Researchers also found that they can reverse the symptoms by treating mice with medications that improve myelination. One of these drugs, approved by the FDA antihistamine, called clemastine fumarate, is now in clinical trials for the treatment of multiple sclerosis that affects the myelinization of neurons in the brain and spinal cord. Researchers believe it would be useful to test these drugs in Williams syndrome patients because they found a thinner myelin and a reduced number of mature oligodendrocytes in brain samples from people who had Williams syndrome compared to typical human brain samples.
"Mice are not humans, but the pathology is similar in this case, which means that it can be translated," says Feng. – It may be that these patients, if you improve their myelination early, can at least improve some of the conditions. This is our hope.

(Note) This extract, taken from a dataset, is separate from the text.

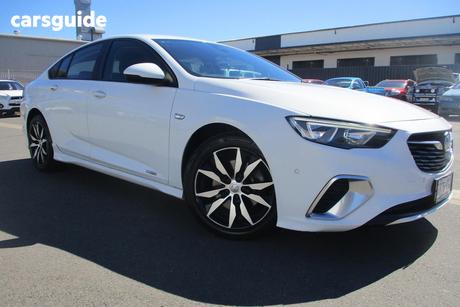 White 2018 Holden Commodore Liftback Rs-V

Such drugs are likely to help primarily the social and subtle motor problems caused by Williams syndrome, not the symptoms that come from the deletion of other genes, the researchers said. They can also help treat other diseases, such as autism spectrum disorders, in which myelination is sometimes impaired, Feng said.
"We believe that this can be widened in autism and other neurological disorders." For these conditions, improved myelination can be a major factor in treatment, "he says. "We are now examining other animal models of neurological disorders to see if they have myelinemic defects and whether improved myelination can improve some of the pathologies of the defects."
The study is funded by the Simons Foundation, the Poetras Affective Disorder Research Center at the MTI, the Stanley Center for Psychiatric Research at the Institute of Massachusetts Institute of Technology and Harvard, and Simson's Center for Social Brain at MIT.